Revision 3.13 “So, was he or wasn’t he?”

Revision 3.13 “So, was he or wasn’t he?” August 15, 2020

 

Sand dunes in Sharja
Arabian sand dunes (Wikimedia Commons public domain photo)

 

So, the impatient reader is asking by now, just what are we to think of Muhammad? Was he a genuine prophet, or was he not? My answer to that is a clear and resolute “I don’t know.” Or perhaps a decisive “Yes and no.” Parley P. Pratt, who was enthusiastic in his praise of Muhammad and Islam, observed that the blessings of the priesthood were not intended to flow through the line of Ishmael, but rather through that of Isaac.

And God said, Sarah thy wife shall bear thee a son indeed; and thou shalt call his name Isaac: and I will establish my covenant with him for an everlasting covenant, and with his seed after him.
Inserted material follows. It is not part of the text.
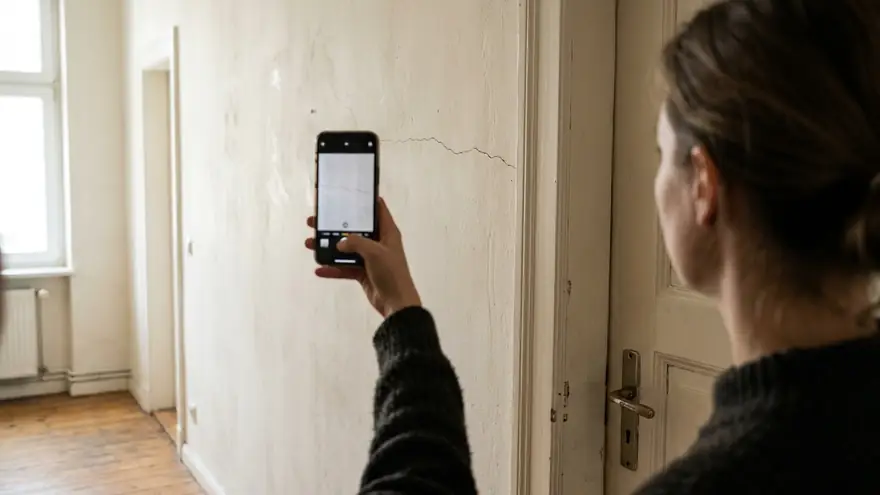 Eigentümerin fotografiert einen Riss für die Videoberatung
And as for Ishmael, I have heard thee: Behold, I have blessed him, and will make him fruitful, and will multiply him exceedingly; twelve princes shall he beget, and I will make him a great nation. But my covenant will I establish with Isaac.[1]

Elder Pratt seems to have believed, therefore, that Muhammad was not, in the fullest sense of the word, a prophet of the living God.[2] Nevertheless, he felt, as I do, that Muhammad was absolutely sincere, and that he appears to have been an inspired instrument in the hands of God. This seems also to have been the position taken by the First Presidency in a statement issued on 15 February 1978. That statement reads, in part, as follows:

The great religious leaders of the world such as Mohammed, Con­fucius, and the Reformers, as well as philosophers including Socrates, Plato, and others, received a portion of God’s light. Moral truths were given to them by God to enlighten whole nations and to bring a higher level of understanding to individuals.[3]

This is my view as well. (I’m always pleased when the First Presi­dency agrees with me.) If we can say that Martin Luther was inspired—and we do—I certainly believe that we can make the same statement about Muhammad. Whether we can consider him a full prophet is more doubtful. In the next chapter, I shall present clear rea­son to believe that, if the text of the Qur’an as we now have it actually goes back to Muhammad, which is likely, he was mistaken on certain issues too central to the gospel as it has been revealed to the Latter- day Saints for us to be able to endorse or accept him as a prophet in the fullest sense. But I would be quite willing to be shown otherwise.

 

[1] Genesis 17:19-21. The twelve princes are listed at Genesis 25:13-16.

[2] Journal of Discourses 3:40.

[3] A more complete text of this statement is printed as the frontispiece to Spencer J. Palmer, The Expanding Church (Salt Lake City: Deseret Book, 1978).  [Provide more official source.]